La dernière fois que j’eus l’honneur de rencontrer Barnavaux, c’est à l’Exposition de 1900 ; que c’est loin, déjà !

La petite cour sainte qui précédait le temple du Cambodge avait deux portes. Le public devait entrer par celle de gauche, et sortir par celle de droite. Et le public n’y manquait pas : il fait tout ce qu’on lui dit, et deux tirailleurs annamites étaient là pour le prévenir.

Ils avaient de gros chignons noirs remontant sous le salako, des mollets maigres couverts de bas bleu sombre, la cheville fine, et le pied minuscule. Ils ne sont pas noirs, ils ne sont pas blancs, ils ne sont pas jaunes. Ils ont ce teint brouillé des gamins vicieux de nos ateliers parisiens, avec quelque chose de plus malin, de plus efféminé, de plus pervers encore — quelque chose d’ambigu, d’intelligent et d’affreux. Et ils étaient assis sur des chaises, négligemment, les jambes croisées. On eût dit des dames cyclistes.

Barnavaux, qui mâchait une cigarette éteinte, gravit les degrés de la porte de droite. Il balançait les épaules, en vieux soldat, bien sanglé dans son uniforme de marsouin, astiqué de frais, et brillant comme un sou neuf. Mais il avait pris l’apéritif avant de déjeuner, une bouteille de vin blanc pendant son déjeuner, et deux verres de calvados après son déjeuner. Il était gai. Pas saoul, mais gai.

— A gauche, dit le tirailleur annamite en grasseyant, à gauche !

Il ne s’était même pas levé de sa chaise. Barnavaux le considéra d’un air profondément étonné, avec un mépris subit, immense, issu d’une majesté simple et indiscutable. Une seconde il hésita. Puis, d’un coup, il enleva le tirailleur de sa chaise, en le prenant d’une main au collet, de l’autre main par le fond de son pantalon, s’assit sur la chaise à sa place, l’attira sur ses genoux ; et d’un air câlin, galant, moqueur, lui posa sur les joues deux gros baisers.

Le public était ivre de joie. Le tirailleur plissa les yeux, montra ses dents noircies de bétel. Sa face bilieuse éclata de haine. Mais il ne dit rien. Barnavaux se leva, dédaigneux, et traversa la cour, environné de l’estime universelle.

Je lui frappai l’épaule. Il n’eut pas l’air surpris de me voir. Nous nous étions déjà rencontrés si souvent, sur la vaste terre ! Rien de moins singulier que de se retrouver à Paris.

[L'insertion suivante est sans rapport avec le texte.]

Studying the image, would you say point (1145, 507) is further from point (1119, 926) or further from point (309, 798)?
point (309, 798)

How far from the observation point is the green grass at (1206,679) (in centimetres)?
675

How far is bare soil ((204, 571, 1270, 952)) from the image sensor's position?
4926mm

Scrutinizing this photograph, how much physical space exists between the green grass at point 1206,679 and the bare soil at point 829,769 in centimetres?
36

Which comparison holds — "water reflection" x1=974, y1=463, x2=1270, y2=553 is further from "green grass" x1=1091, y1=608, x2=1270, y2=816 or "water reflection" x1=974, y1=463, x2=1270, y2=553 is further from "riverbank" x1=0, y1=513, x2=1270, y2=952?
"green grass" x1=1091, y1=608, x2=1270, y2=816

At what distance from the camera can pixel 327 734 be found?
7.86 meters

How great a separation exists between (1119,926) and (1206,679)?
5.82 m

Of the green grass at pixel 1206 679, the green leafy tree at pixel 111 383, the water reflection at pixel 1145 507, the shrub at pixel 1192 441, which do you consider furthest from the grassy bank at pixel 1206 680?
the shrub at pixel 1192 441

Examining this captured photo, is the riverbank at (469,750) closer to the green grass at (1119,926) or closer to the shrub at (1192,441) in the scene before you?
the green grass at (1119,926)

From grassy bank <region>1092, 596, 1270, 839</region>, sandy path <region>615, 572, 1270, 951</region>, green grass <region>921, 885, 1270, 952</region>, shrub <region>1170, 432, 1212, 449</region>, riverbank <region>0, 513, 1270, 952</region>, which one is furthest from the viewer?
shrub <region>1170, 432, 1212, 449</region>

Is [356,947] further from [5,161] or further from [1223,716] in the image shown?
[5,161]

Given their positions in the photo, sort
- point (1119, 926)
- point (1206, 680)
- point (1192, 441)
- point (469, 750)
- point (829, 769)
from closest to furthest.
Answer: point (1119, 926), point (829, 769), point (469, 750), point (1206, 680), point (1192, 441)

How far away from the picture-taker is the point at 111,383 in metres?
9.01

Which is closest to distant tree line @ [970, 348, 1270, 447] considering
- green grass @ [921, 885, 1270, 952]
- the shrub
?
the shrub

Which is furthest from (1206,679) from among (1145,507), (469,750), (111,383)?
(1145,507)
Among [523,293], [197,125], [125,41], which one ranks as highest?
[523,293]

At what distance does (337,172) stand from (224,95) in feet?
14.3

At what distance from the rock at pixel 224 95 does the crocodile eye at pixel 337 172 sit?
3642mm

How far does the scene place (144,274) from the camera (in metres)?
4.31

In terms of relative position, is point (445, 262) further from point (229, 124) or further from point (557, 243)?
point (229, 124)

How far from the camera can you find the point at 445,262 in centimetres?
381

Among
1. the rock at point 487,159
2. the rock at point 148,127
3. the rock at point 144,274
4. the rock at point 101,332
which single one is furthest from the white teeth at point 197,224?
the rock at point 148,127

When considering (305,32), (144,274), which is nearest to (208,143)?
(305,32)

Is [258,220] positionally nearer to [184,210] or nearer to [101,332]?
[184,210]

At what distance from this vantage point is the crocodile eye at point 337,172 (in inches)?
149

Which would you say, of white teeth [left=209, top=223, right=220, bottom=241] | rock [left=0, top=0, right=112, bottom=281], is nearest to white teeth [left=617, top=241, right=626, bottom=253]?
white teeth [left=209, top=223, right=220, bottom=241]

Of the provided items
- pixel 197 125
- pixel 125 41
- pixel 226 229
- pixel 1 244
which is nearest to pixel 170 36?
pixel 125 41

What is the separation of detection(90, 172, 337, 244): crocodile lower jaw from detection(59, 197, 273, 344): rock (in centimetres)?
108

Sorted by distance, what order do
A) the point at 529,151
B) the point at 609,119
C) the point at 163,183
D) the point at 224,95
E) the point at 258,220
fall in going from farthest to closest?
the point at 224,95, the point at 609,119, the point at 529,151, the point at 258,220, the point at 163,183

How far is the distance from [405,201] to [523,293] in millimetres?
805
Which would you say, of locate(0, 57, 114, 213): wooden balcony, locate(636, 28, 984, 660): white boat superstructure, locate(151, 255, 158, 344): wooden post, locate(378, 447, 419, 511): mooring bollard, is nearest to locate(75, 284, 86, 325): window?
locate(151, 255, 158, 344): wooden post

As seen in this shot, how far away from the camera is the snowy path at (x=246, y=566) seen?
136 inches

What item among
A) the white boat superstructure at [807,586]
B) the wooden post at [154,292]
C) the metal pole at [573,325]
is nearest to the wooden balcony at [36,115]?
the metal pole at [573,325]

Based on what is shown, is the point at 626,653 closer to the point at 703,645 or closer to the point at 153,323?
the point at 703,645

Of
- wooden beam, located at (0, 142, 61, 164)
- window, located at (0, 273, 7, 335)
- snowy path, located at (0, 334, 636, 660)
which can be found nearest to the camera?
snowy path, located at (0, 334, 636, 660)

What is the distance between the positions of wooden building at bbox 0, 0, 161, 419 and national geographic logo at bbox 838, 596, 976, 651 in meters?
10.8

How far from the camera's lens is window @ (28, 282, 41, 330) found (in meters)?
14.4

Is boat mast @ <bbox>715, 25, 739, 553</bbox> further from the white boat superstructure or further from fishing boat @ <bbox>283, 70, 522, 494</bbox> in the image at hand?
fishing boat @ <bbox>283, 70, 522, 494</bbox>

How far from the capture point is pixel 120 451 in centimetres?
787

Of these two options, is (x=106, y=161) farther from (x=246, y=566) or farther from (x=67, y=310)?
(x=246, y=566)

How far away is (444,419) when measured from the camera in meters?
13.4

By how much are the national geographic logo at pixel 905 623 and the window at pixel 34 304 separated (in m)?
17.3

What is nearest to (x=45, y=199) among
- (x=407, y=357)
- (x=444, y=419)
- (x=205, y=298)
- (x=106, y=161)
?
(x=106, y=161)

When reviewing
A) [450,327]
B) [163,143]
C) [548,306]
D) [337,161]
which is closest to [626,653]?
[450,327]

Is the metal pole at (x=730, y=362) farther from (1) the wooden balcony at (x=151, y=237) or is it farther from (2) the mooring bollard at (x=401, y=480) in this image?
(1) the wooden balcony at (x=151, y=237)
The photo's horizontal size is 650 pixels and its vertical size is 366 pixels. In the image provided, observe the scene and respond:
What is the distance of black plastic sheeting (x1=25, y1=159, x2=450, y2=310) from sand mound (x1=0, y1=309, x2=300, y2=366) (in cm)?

— Avez-vous vu cette brute, qui voulait m’empêcher d’entrer ? me dit-il. Si c’était un Sénégalais ou un Haoussa ! Mais cette espèce de femme manquée, cette petite crapule habillée en cantinière, me donner des ordres, à moi Barnavaux, en uniforme : ça fait pitié. Et tout fait pitié, ici. Les expositions, c’est la ruine du respect qu’on doit aux blancs. Tous ces sales sauvages ne devraient jamais quitter leur pays, ils ne devraient même pas savoir que nous en avons un qui ressemble aux leurs, un pays où il y a de la terre, des pierres, des arbres comme chez eux, et des esclaves blanches qu’ils peuvent se payer pour vingt sous, derrière les Invalides. Quand nous sommes là-bas, une poignée, et que nous les faisons obéir, que nous les forçons à obéir, ce n’est pas parce que nous avons des fusils perfectionnés ou des locomotives, c’est parce que nous sommes intelligents, que nous comprenons nos chefs, que nous sommes unis comme des baïonnettes dans un faisceau, que nous devinons toujours ce qu’ils feront, ces sauvages, et qu’ils ne nous devinent jamais. Nous sommes des espèces de mystères, des bons dieux vivants. Ils se figurent que nous sortons de la mer, où nous avons un pays miraculeux qui ne ressemble à rien. C’est ça qu’il faut pour le mater. Mais nous les faisons venir en France, nous leur montrons qu’il y a parmi nous des espèces d’esclaves, qui font les besognes que pour rien au monde un blanc ne voudrait faire chez eux. Malheur ! C’est ça qu’on appelle les impressionner par notre civilisation ! Leur prouver qu’il y a chez nous des pauvres, des manœuvres qui ont la peau blanche, et des femmes qui pourraient être nos femmes, et avoir des enfants qui pourraient les commander si on les envoyait là-bas : et que ces femmes on les paie moins cher que leurs congaï ou leurs moussos. Vous croyez que c’est un moyen de les impressionner ? Ils nous méprisent.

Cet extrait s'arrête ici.